McMahon, who took over June 1, said that detectives "have not zeroed in on" a suspect, but that the school resource officer at nearby Mount Hebron High School is participating in the investigation. In early April, a 7-foot-long swastika was painted on the school's football field and at least 16 school windows were smashed.

"We don't know if the two incidents are connected," McMahon said. "But because of the geographic proximity, we're looking into it."

Police have investigated 24 hate-bias cases so far this year. That rate is in line with the number of cases investigated during 2005 and 2004 - 56 and 55, respectively - and an increase from 2002 and 2003, during which police opened no more than 39 cases per year. Incidents, however, are still below the 2001 level, when 68 hate-bias cases were recorded.

"The sad thing about this kind of activity is that you sometimes have copycats," said Natalie Woodson, education chairwoman of the Howard County branch and Maryland state conference of the NAACP. "Just like any form of ugliness, we don't want to allow it to spread, and we want to nip it in the bud. So we're looking at this very seriously, not as an isolated incident at all."

Of the eight recent incidents in Ellicott City, the first four were likely committed at the same time and began appearing around June 5 in an upscale neighborhood behind Hollifield Station Elementary School off Rogers Avenue.

A white wooden fence, anchored with rectangular brick posts, lines the entrance to the neighborhood. Most of the homes are similar - large two-story dwellings with brick facades, vinyl sides, two-car garages and shutters that have been drilled into the facades. The swastikas, abbreviations and words in this area were not visible from the street yesterday.

The second group of incidents occurred on the other side of Rogers Avenue in the 8900 block of Chapel Ave. and the 8900 block of Old Frederick Road.
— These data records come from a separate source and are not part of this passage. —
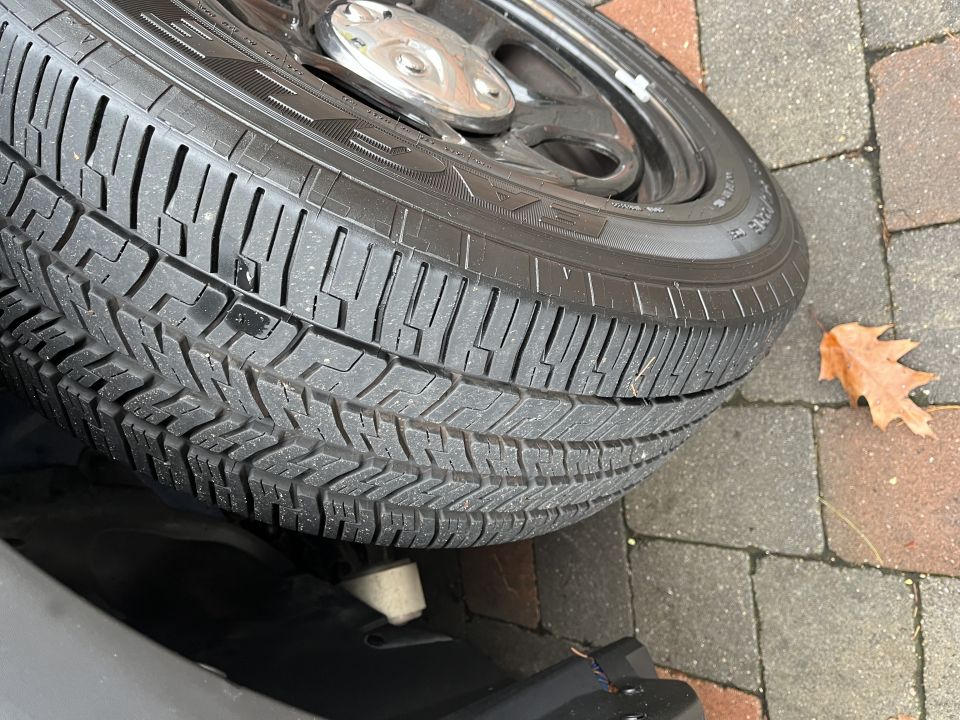 Close-up photo of a tire tread and wheel on a vehicle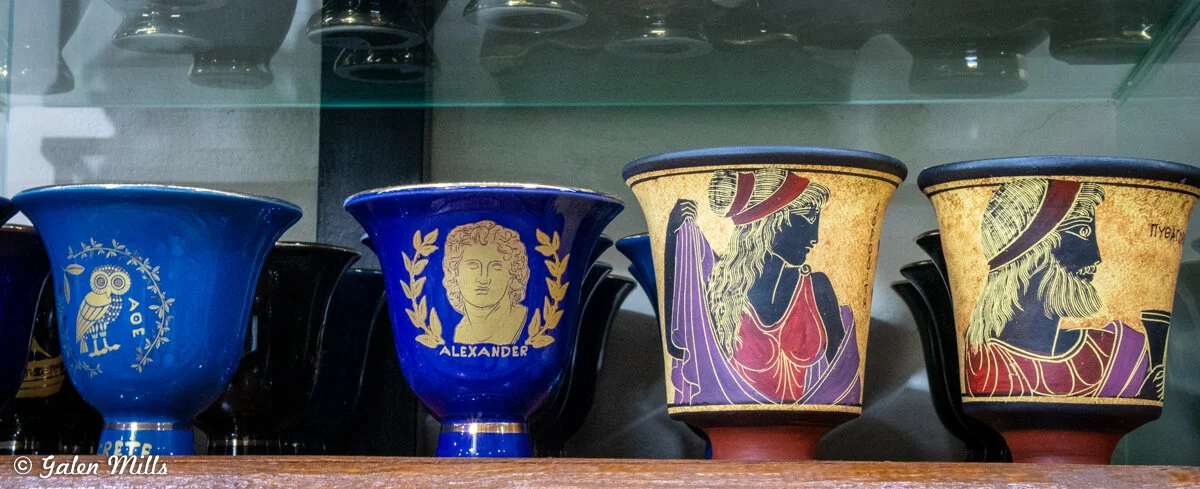 Collection of decorative ancient Greek-style pottery cups, featuring blue and black designs with gold accents, including figures of an owl, Alexander the Great, and Greek mythological characters.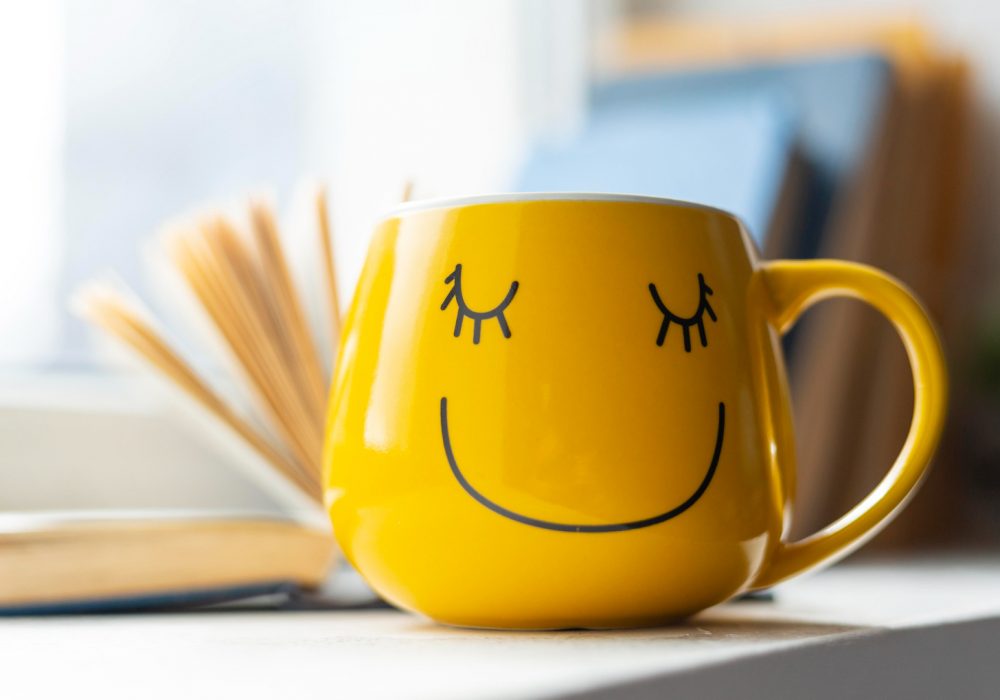 open-book-smiley-yellow-cup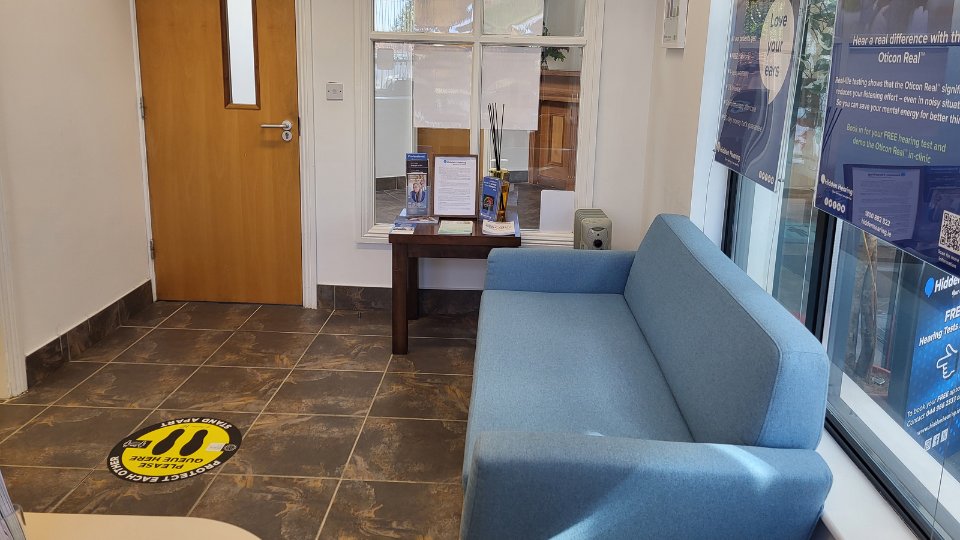 A cozy hearing clinic reception area features a blue sofa by large windows with promotional posters for Oticon Real hearing aids, a small table holding information brochures, and a wooden door. Text on posters includes:  
                        1. 'Hear a real difference with the Oticon Real.'  
                        2. 'Book in for your FREE hearing test and demo the Oticon Real in-clinic.'  
                        Floor sticker reads: 'PLEASE CAREFULLY QUEUE HERE.'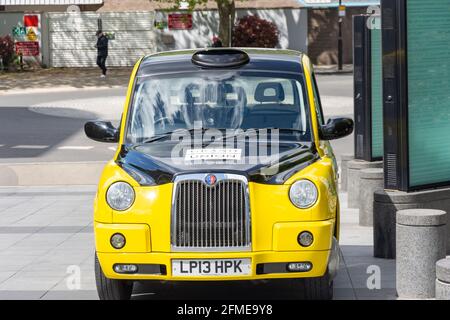 Gelbes und schwarzes Londoner Taxi in Imperial Wharf, Chelsea Harbour, Sands End, Borough of Hammersmith and Fulham, Greater London, England, Vereinigtes Königreich Stockfoto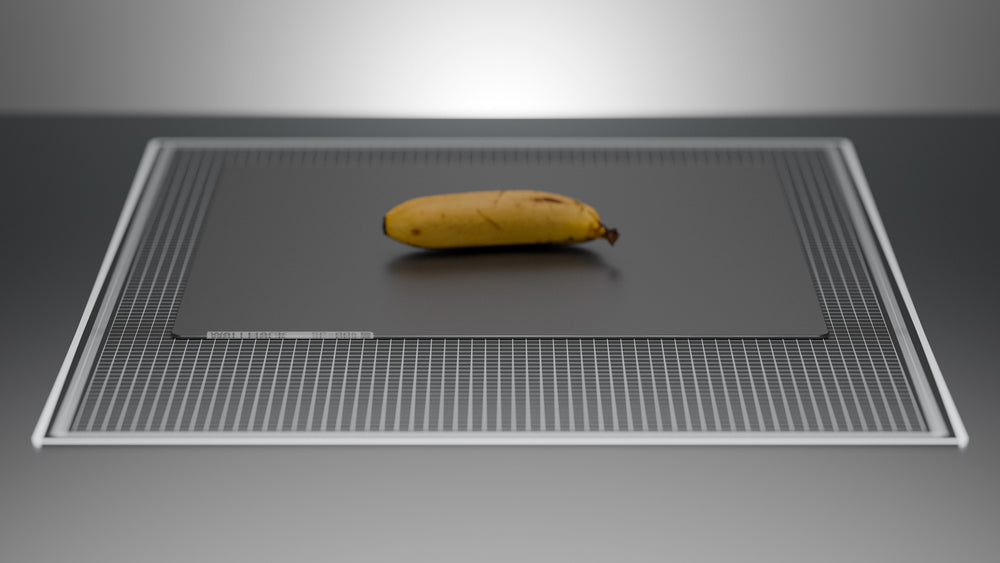 A yellow banana ontop of a black colored glass mouse pad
At least one of the eight victimized families are black, another Indian and two in the second group are white, according to Rufus Clanzy, director of the county's Office of Human Rights.
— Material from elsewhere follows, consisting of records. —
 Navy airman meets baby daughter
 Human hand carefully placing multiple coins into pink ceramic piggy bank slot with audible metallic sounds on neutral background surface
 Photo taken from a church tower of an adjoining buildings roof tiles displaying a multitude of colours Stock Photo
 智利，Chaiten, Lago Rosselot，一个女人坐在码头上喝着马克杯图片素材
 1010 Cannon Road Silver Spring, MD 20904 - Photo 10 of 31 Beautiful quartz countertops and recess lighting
"No one race seems to be targeted over any other race," said Sherry Llewellyn, a spokeswoman for police.

Clanzy said that one of the victims was watering his lawn, trying to erase the symbols, when he visited Friday.

"In this instance, the fact that the incidents and crimes are concentrated disturbs us quite a bit," Clanzy said.

melissa.harris@baltsun.com

Howard County police are asking anyone with information to call 410-313-3200. Police, local leaders of the NAACP and community members will meet at 7 p.m. June 26 at the United Methodist Church's conference center, 7178 Columbia Gateway Drive, Columbia.

Hate-bias incidents

The 24 cases Howard County police have labeled as hate-bias incidents in 2006: January 5 - 10800 Green Mountain Circle, Columbia: Racial slurs used during dispute

14 - 4200 Centennial Lane, Ellicott City: Racial drawing painted on wall of school

19 - 3200 Safari Court, E.C.: Racial slurs written on balloons, left on property

27 - 3100 West Springs Drive, E.C.: Suspect left racial remarks on voice mail February 1 - 9300 Gorman Road, Laurel: Racial slurs painted on house

6 - 10800 Graeloch Road, Laurel: Anti-gay messages written in chalk in front of house March 4 - 3500 Church Road, E.C.: Racial slurs painted on home under construction

8 - 9000 Town & Country Blvd., E.C.: Both parties called each other racial slurs during dispute

12 - 10300 Hickory Ridge Road, Columbia: Victim received an anti-gay note

12 - Governor's Run, Governor Grayson Way, E.C.: Racial messages and drawings written on three driveways in chalk

17 - 11500 Scaggsville Road, Fulton: Racial drawing on chalkboard

17 - 7100 Harp String, Columbia: Racial slurs used during dispute

23 - 10000 Route 108, E.C.: Racial slurs used during dispute

25 - 6000 Rock Glen Drive, Elkridge: Racial drawing painted on house

31 - 8400 Charmed Days, Laurel: Pentagram painted in front of house April 1 - 10200 Route 40, E.C.: Marquee letters rearranged to spell racial slur

2 - 3700 College Ave., E.C.: Vehicle spray painted with racial slurs

8 - 9900 Route 99, E.C.: School vandalized, racial drawing painted on football field

27 - 6800 Cradlerock Way, Columbia: Racial slur used during dispute May 1 - 10400 Little Patuxent Parkway, Columbia: Business received a letter with racial remarks

12 - 4300 Montgomery Road, E.C.: Racial slur used during dispute June 6 - Stonehouse Drive/Chapel Ave., E.C.: Racial drawings and words burned into lawns (eight houses)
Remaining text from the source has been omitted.